If this story was about something salacious, and not a parking garage, then maybe more Bostonians would care about getting jerked out of millions
The City of Boston and its residents own the Winthrop Square Garage downtown. So you’d think more than a handful of people would be angry that with all the budget cuts and broken schools in this city, officials have made decisions about the sale of said garage that could cost Boston more than $100 million in lost revenue.
The parcel isn’t much to look at. A shuttered two-story concrete eyesore, the Winthrop Square Garage is structurally insignificant compared to State Street and the other scrapers towering above. At the same time, it is extremely valuable. Because a large tower of up to 700 feet is envisioned for the property, estimates for the sale value are as high as $100 million, according to the Boston Herald, or even $200 million, according to citizen activist Shirley Kressel.
The City of Boston has the lot assessed at $32 million. Meanwhile, similar lots of land in Boston that house 700-foot towers are assessed at upwards of $140 million, such as the Hancock Tower. That is the land only, not including the building! The overall potential value of the parcel comes from Boston imposing no additional restrictions on the heights of buildings along airplane routes beyond any rules set by the Federal Aviation Administration.
At the request of Mayor Marty Walsh, last December the City Council voted to give the property away to the Boston Redevelopment Authority (BRA) with an open-ended agreement that doesn’t specify the time of performance, the fees to be charged, or the amount the city (and therefore its residents) are to receive. Meanwhile, in a testimony in front of the City Council last summer, the BRA director suggested the property is worth as little as $10 million.
Immediately prior to the vote, city councilors received a thick packet of documents related to the sale. Notably missing from the information therein: an estimate of the value of the property, along with an estimate of BRA fees, both of which had been requested by councilors. No public notice was given, nor was information publicly distributed or put on the City of Boston’s website.
After the administration turned the property over to the BRA in the winter of 2015, Kressel wrote a letter to the city pointing out the legal process that should have been followed. The City Council, whose main function is to keep spending and revenue in check, must vote to approve a transfer of the property. So last summer the mayor sent a belated order to the body for approval.
At a hearing in June 2015, city officials testified that they lacked the capability to sell the property. From there, the quiet transfer continued.

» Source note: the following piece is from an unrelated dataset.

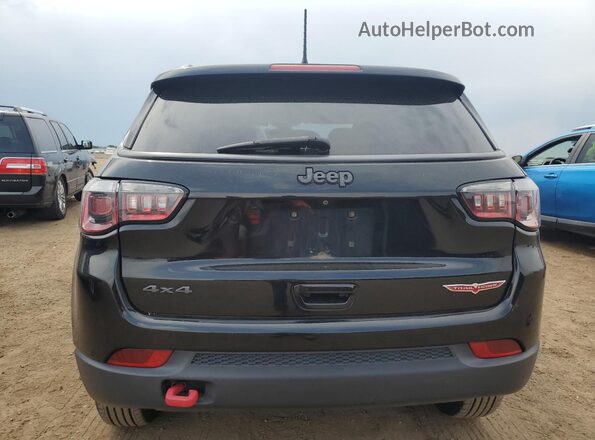 3C4NJDDB8JT207469 2018 JEEP COMPASS Черный Вид сзади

In August, a council subcommittee on economic development reviewed a Memorandum of Understanding (MOU) that essentially passes proprietorship to the BRA, giving the quasi-public agency the power to take any and all fees they want. When the sale process is over, the BRA will turn over whatever net proceeds are left to the city’s general fund, but residents shouldn’t be too hopeful; remarkably, at the August hearing, a BRA representative recommended against making an official property value estimate.
Over the next few months, through the November election, the chairman of the City Council economic development subcommittee met with the Walsh administration and BRA lawyers and revised the MOU. As a result, the BRA can do whatever it wants with the property, for as long as it wants, and extract whatever fees it deems necessary. Later, when that’s all done, the authority will kick whatever’s left to the city’s general fund. To make matters worse, the BRA, which is not in the building business, can act as the initial general contractor, with all its costs and management fees subtracted from the city’s net proceeds, and none of the contracts it awards nor the people it hires subject to procurement laws that the City of Boston would have to follow.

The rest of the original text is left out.